PROBLEM DETAILS
Below this line is a listing that includes pictures. Copy exactly, and only, the lines from the one containing "Rare beauty 新款" through the one containing "HP Z2 Tower"; the pictures do not go in the copy.

═════ DATA TO EXAMINE ═════

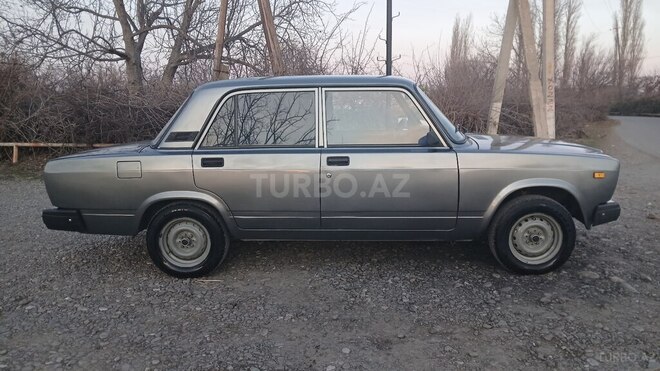 LADA (VAZ) 2107 2010, 84,070 km - 1.6 l - Ağstafa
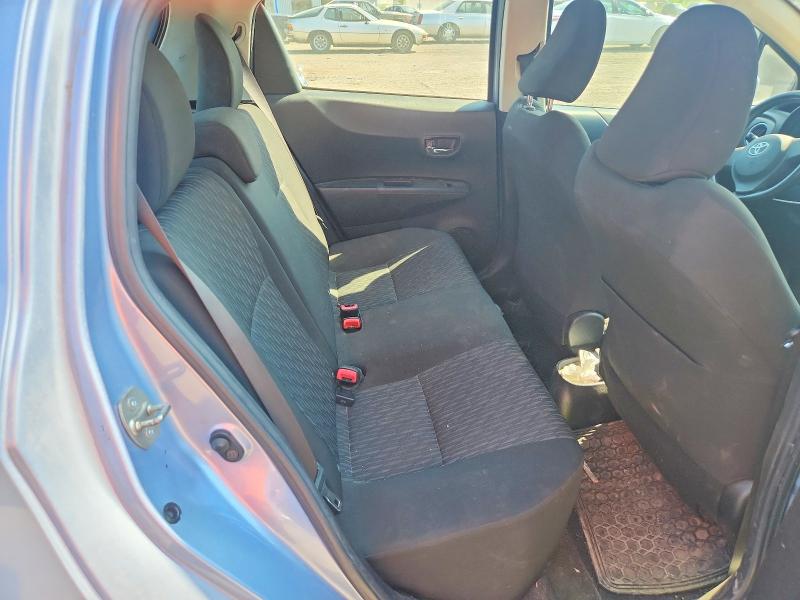 Auction sale of the 2014 Toyota Yaris, vin: VNKKTUD31EA002053, lot number: 60059356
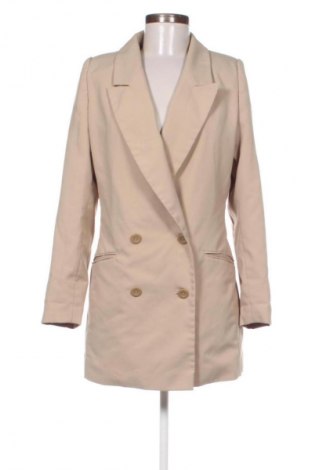 Damen Blazer Unbranded, Größe M, Farbe Beige, Preis € 24,55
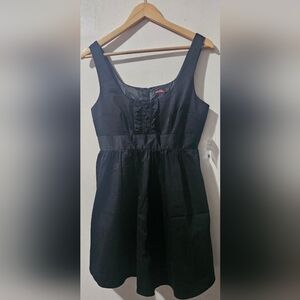 Black Forever 21 Dress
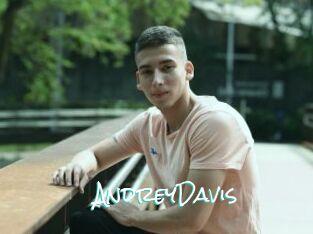 AndreyDavis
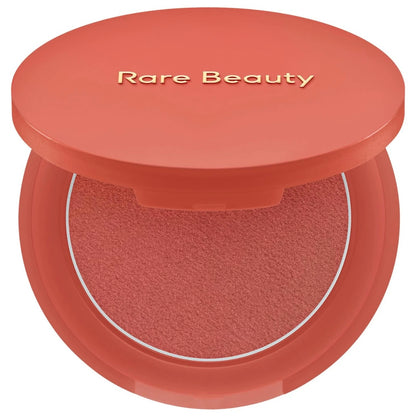 Rare beauty 新款 Soft Pinch Matte Bouncy Blush 腮红膏 6.4g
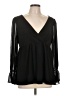 Torrid Black Long Sleeve T-Shirt Size Lg Plus (0) - photo 1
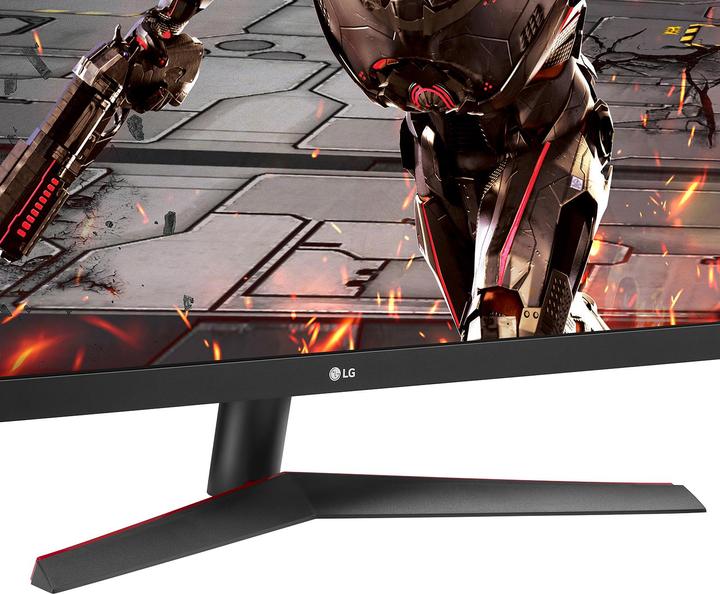 Image du produit LG 32GN600 (2560 x 1440 pixels, 31.50")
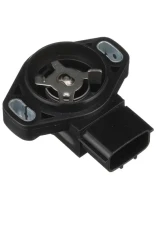 Intermotor Throttle Position Sensor Standard Ignition TH237                                     - TH237 - Image 2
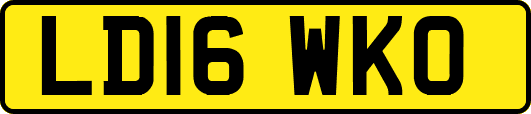 LD16WKO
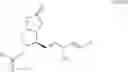 Fig. 77 - Method and intermediate for preparing a prostaglandin F-type compound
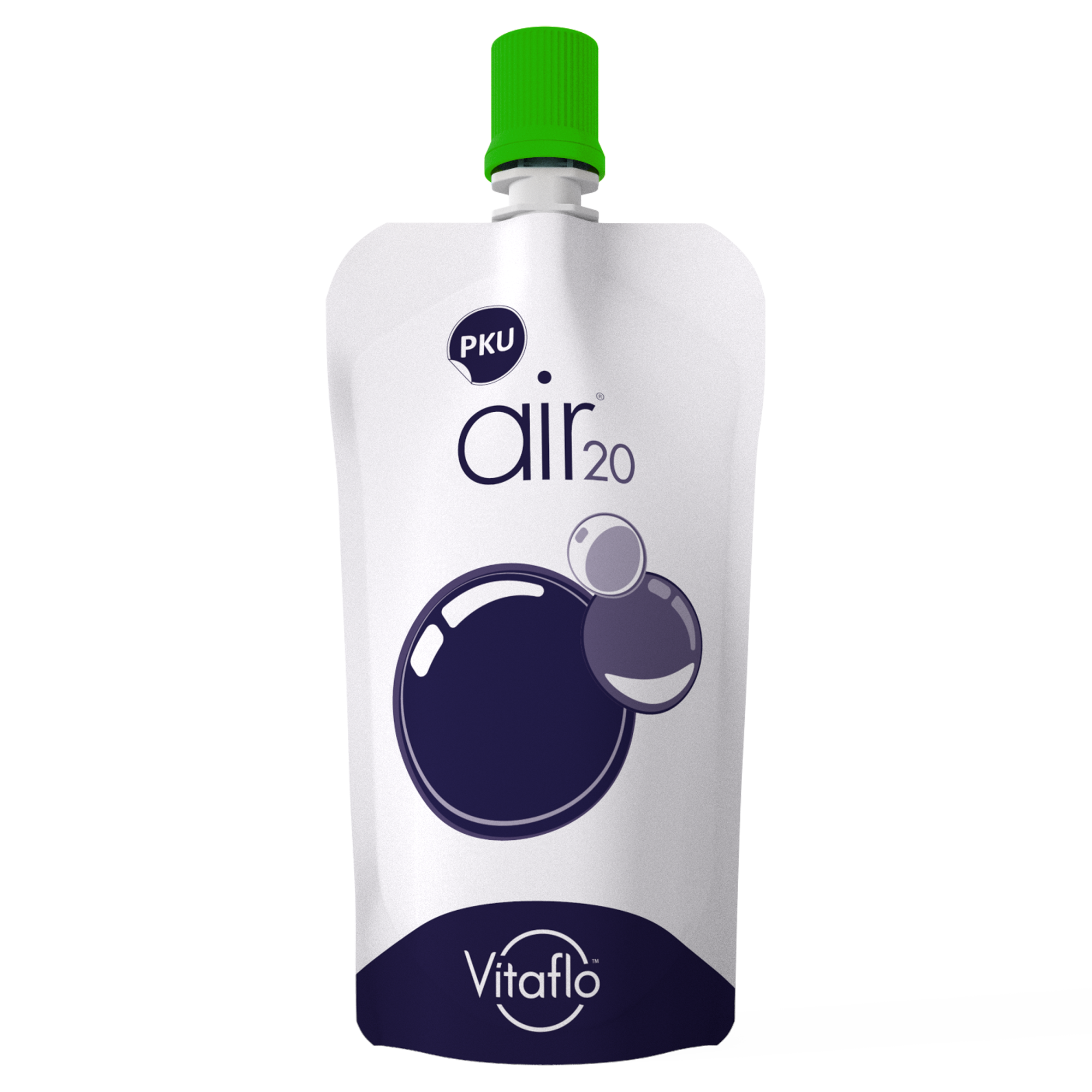 PKU air20 GREEN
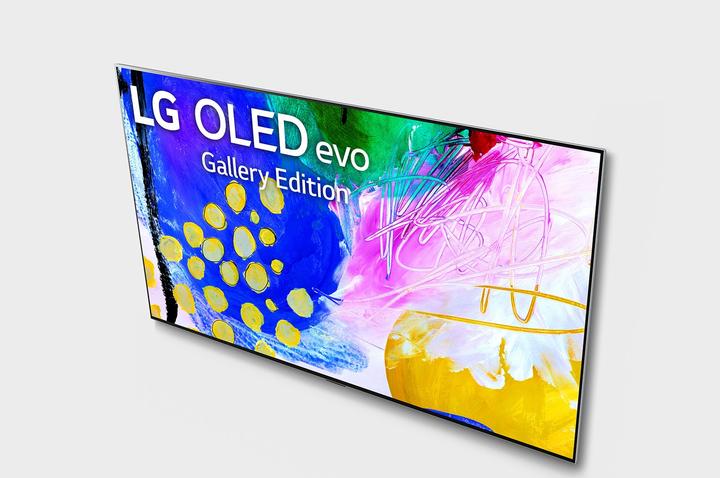 Image du produit LG OLED65G29LA (65", G2, OLED, 4K, 2022)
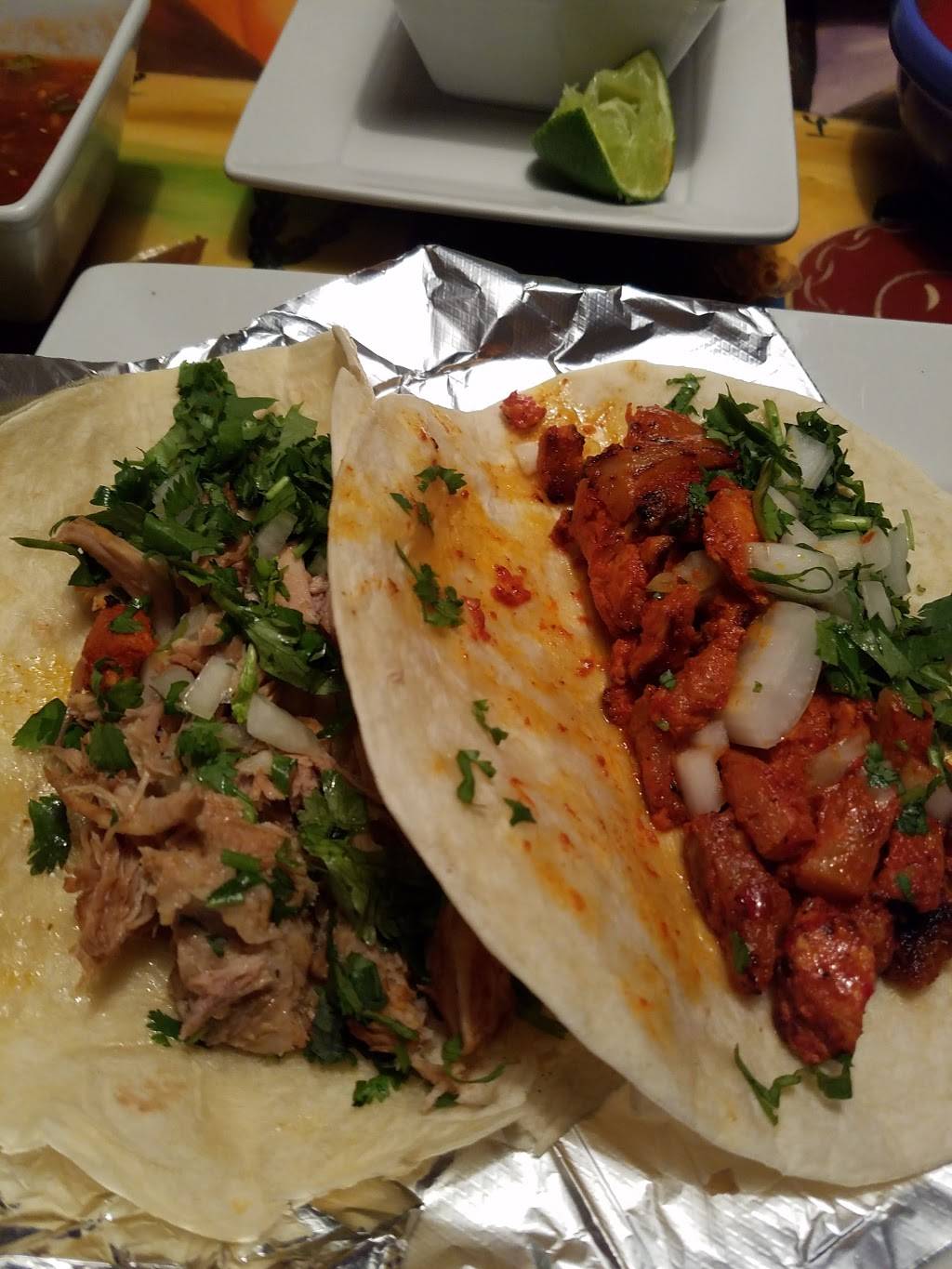 Poblanos Mexican Grill | restaurant | 1828, 203 Pioneer Village Dr, Mountain City, TN 37683, USA | 4237277400 OR +1 423-727-7400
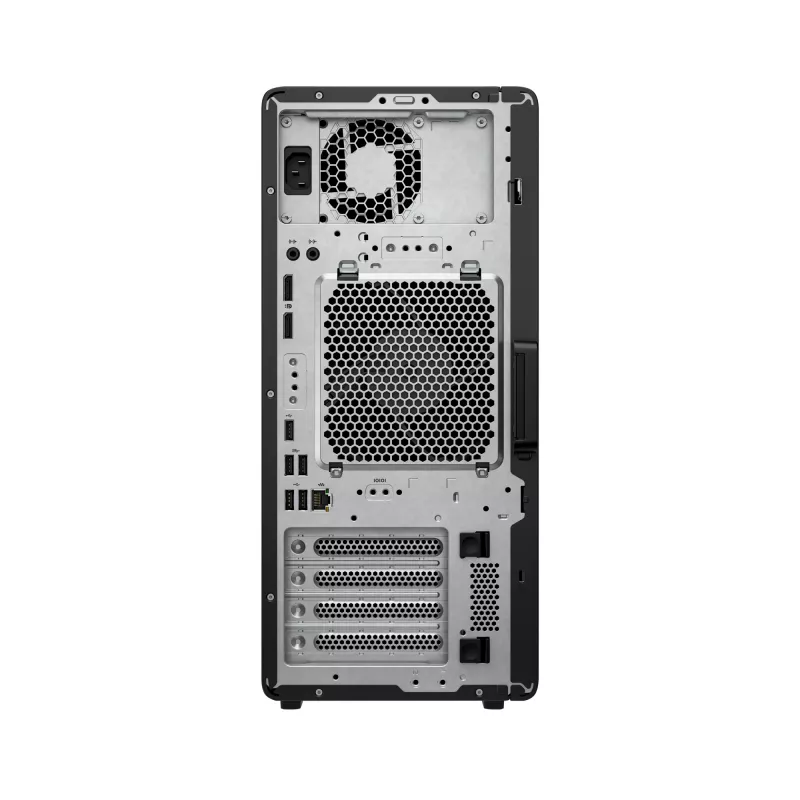 HP Z2 Tower G1i Intel Core Ultra 9 285 32 GB DDR5-SDRAM Windows 11 Pro Workstation AI Workstation, AI PC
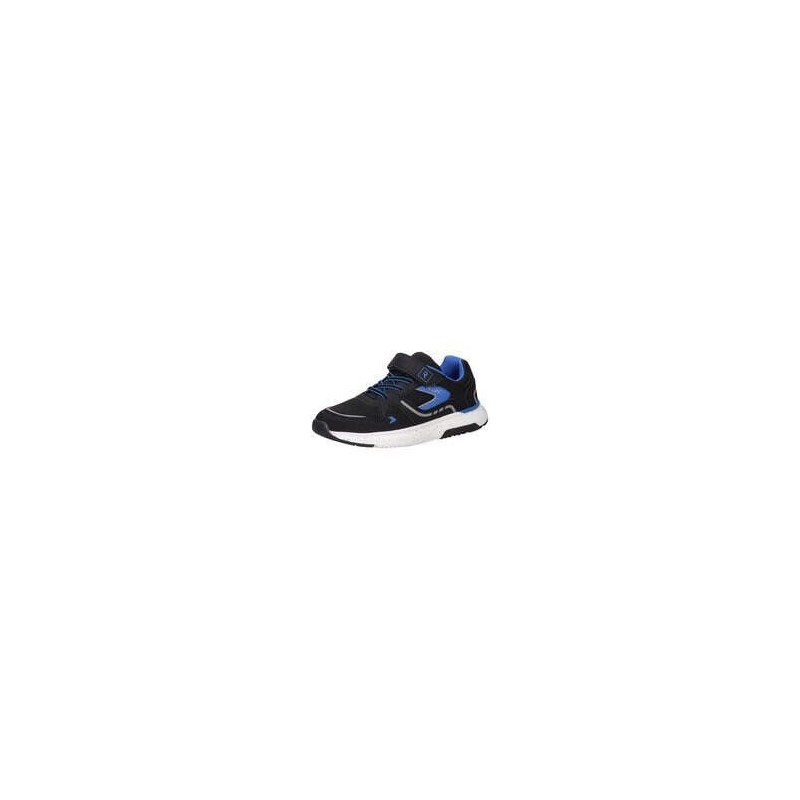 Run Lifewear Sneaker Jungen schwarz|schwarz|schwarz|schwarz|schwarz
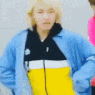 Hwi_Dance emote for Discord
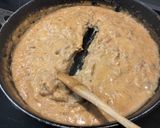 Foto del paso 7 de la receta Croquetas de pollo al ajillo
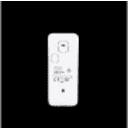 Thumbnail 2 de Detector Inalambrico de Ruptura de Cristal Hikvision AX Pro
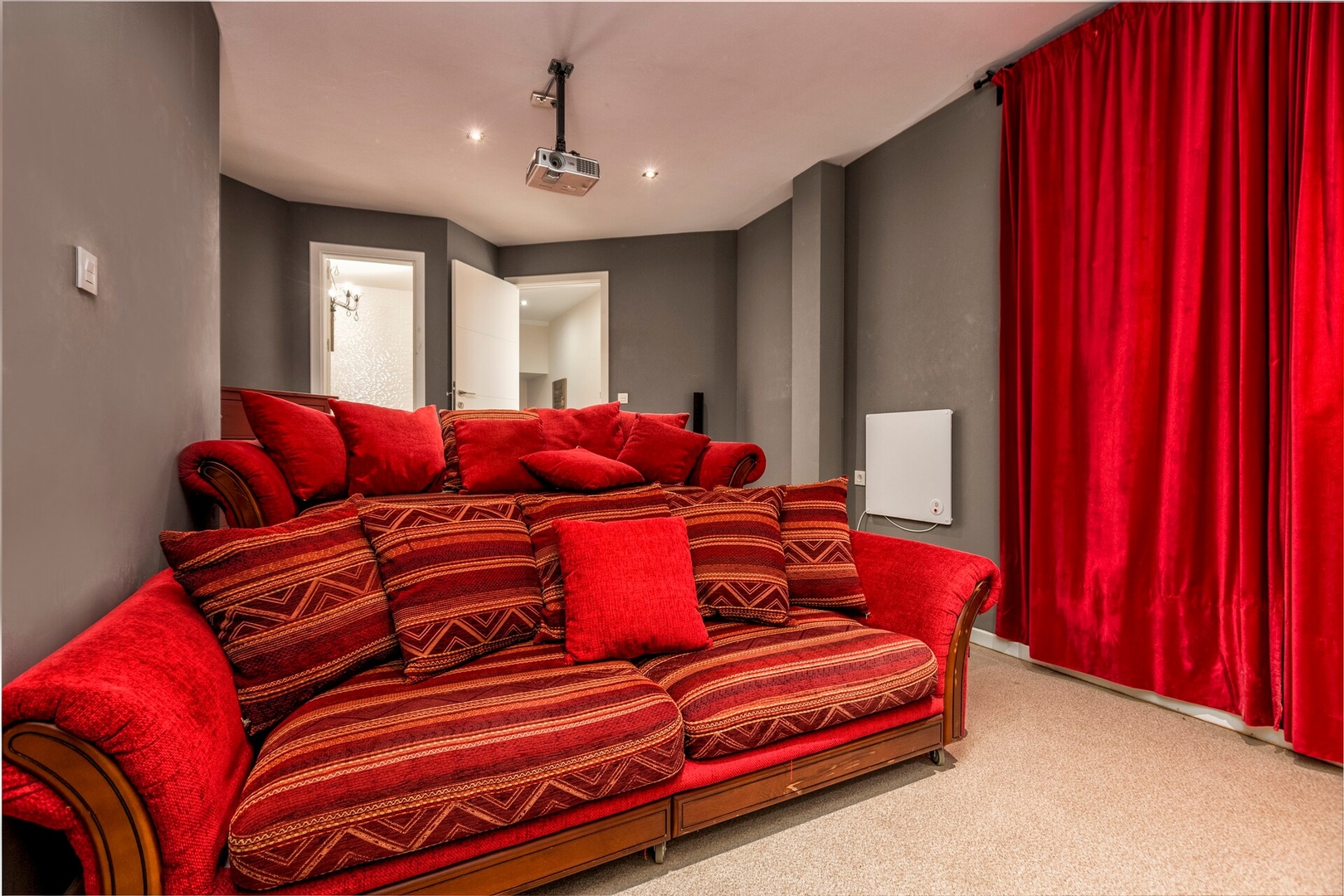 Green Lagoon - With Private pool 42 LYX homes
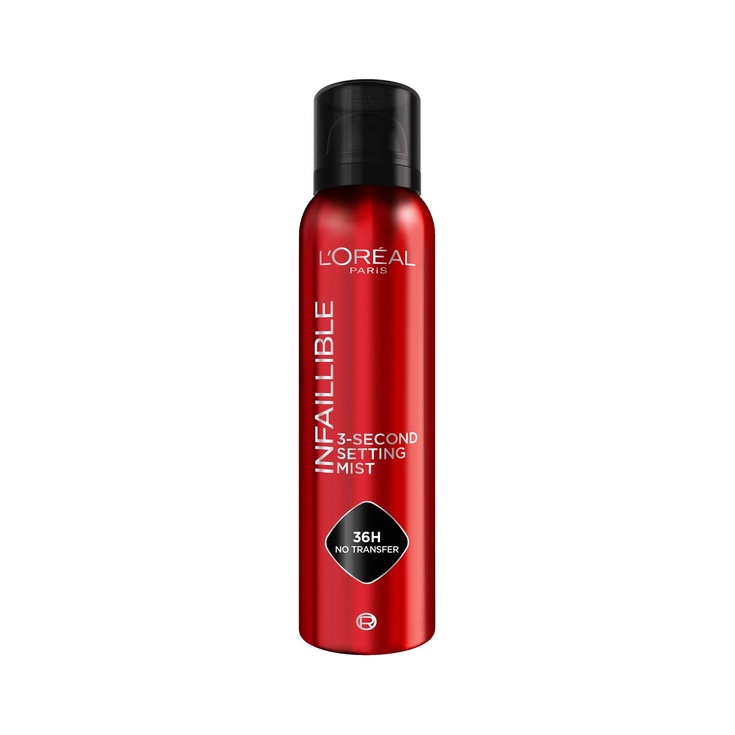 Spray Fijador Jumbo 150 ml L'Oréal Paris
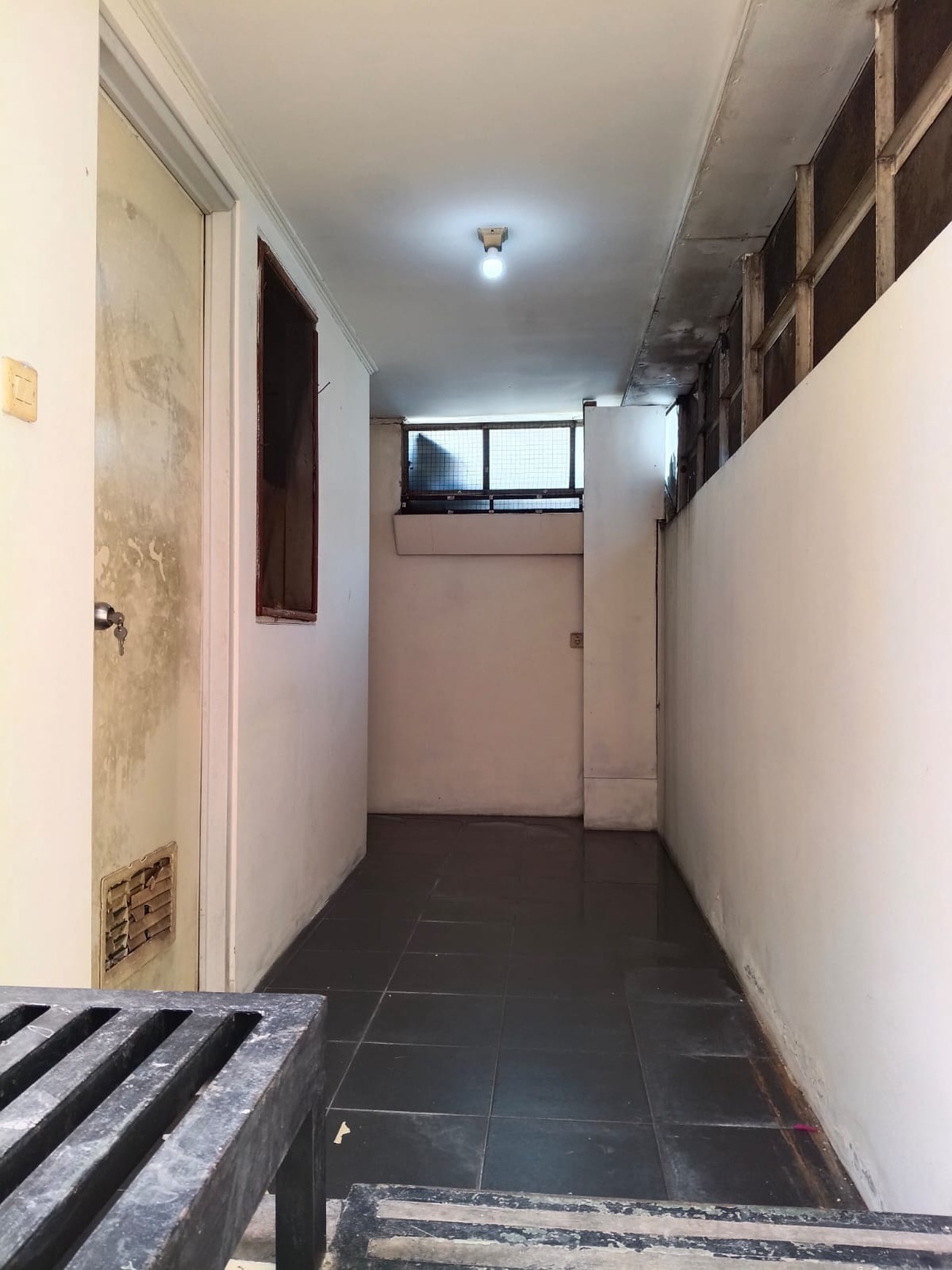 Rumah Renovasi rapih Delatinos cluster Santiago BSD city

═════

WRITTEN ANSWER
 Rare beauty 新款 Soft Pinch Matte Bouncy Blush 腮红膏 6.4g
 Torrid Black Long Sleeve T-Shirt Size Lg Plus (0) - photo 1
 Image du produit LG 32GN600 (2560 x 1440 pixels, 31.50")
 Intermotor Throttle Position Sensor Standard Ignition TH237                                     - TH237 - Image 2
 LD16WKO
 Fig. 77 - Method and intermediate for preparing a prostaglandin F-type compound
 PKU air20 GREEN
 Image du produit LG OLED65G29LA (65", G2, OLED, 4K, 2022)
 Poblanos Mexican Grill | restaurant | 1828, 203 Pioneer Village Dr, Mountain City, TN 37683, USA | 4237277400 OR +1 423-727-7400
 HP Z2 Tower G1i Intel Core Ultra 9 285 32 GB DDR5-SDRAM Windows 11 Pro Workstation AI Workstation, AI PC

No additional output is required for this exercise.